Ses contri­bu­teurs et contri­bu­trices appar­tiennent toutes et tous à la galaxie théâ­trale : édi­teurs, met­teurs en scène, tra­duc­teurs, auteurs et autrices, uni­ver­si­taires… Des pho­to­gra­phies accom­pagnent les textes comme pour res­ti­tuer la dimen­sion visuelle du domaine dramatique.

Ce der­nier opus met en avant, en «  focus » d’une part, Elfriede Jeli­nek et d’autre part, Tiago Rodrigues, c’est-à-dire deux noms mar­quants du théâtre euro­péen. Le tra­vail de  Jeli­nek est remis dans une pers­pec­tive néces­saire, à savoir repla­cer son œuvre récom­pen­sée par le Nobel de Lit­té­ra­ture  en 2004, dans une tra­jec­toire qui vient de la poé­sie et qui  désor­mais s’impose aussi dans l’écriture théâ­trale même si, pour nombre de lec­teurs,  elle est  sur­tout la roman­cière de la Pia­niste ou de  Lust, le cinéma de Hanecke, ayant sans doute contri­bué à mettre en lumière par­ti­cu­liè­re­ment ce genre littéraire-là.

Cinq poèmes : le bai­ser, nous, jeu avec grand-père, plainte, com­ment ils se retrou­vèrent face à face de splen­dides gardes cham­pêtres, les deux montrent l’humour et l’ironie et l’autodérision ainsi que l’éclatement de la langue chez Jeli­nek et com­ment son écri­ture à par­tir de formes courtes est deve­nue ample et «  surélevée. ».

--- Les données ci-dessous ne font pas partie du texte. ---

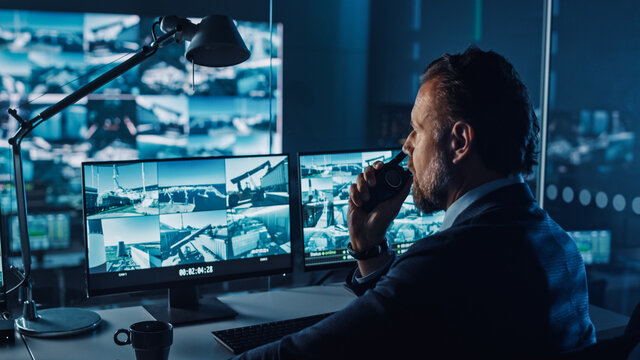 Male Officer Works On A Computer With Surveillance CCTV Video In A Harbour Monitoring Center With Multiple Cameras On A Big Digital Screen. Employee Uses Radio To Give An Order Or Report.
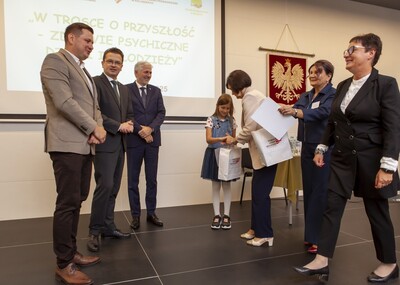 Dani Dyrektor na podium odbierająca nagrodę dla ucznia.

Les articles consa­crés à Rodrigues, qui a été nommé, à la suite d’Olivier Py, nou­veau direc­teur du Fes­ti­val d’Avignon, sou­lignent la conti­nuité dans ses œuvres, l’idée du pas­sage de l’écrit dans le corps comme parole réel­le­ment incar­née sous dif­fé­rentes approches : celle de l’apprentissage par coeur du texte, dans  Bye heart ou le jeu de l’intertextualité dans Bovary puis enfin, la réécri­ture des tra­gé­dies antiques et sha­kes­pea­rienne. Les mises en scène de ces textes incarnent ce jeu fondamental.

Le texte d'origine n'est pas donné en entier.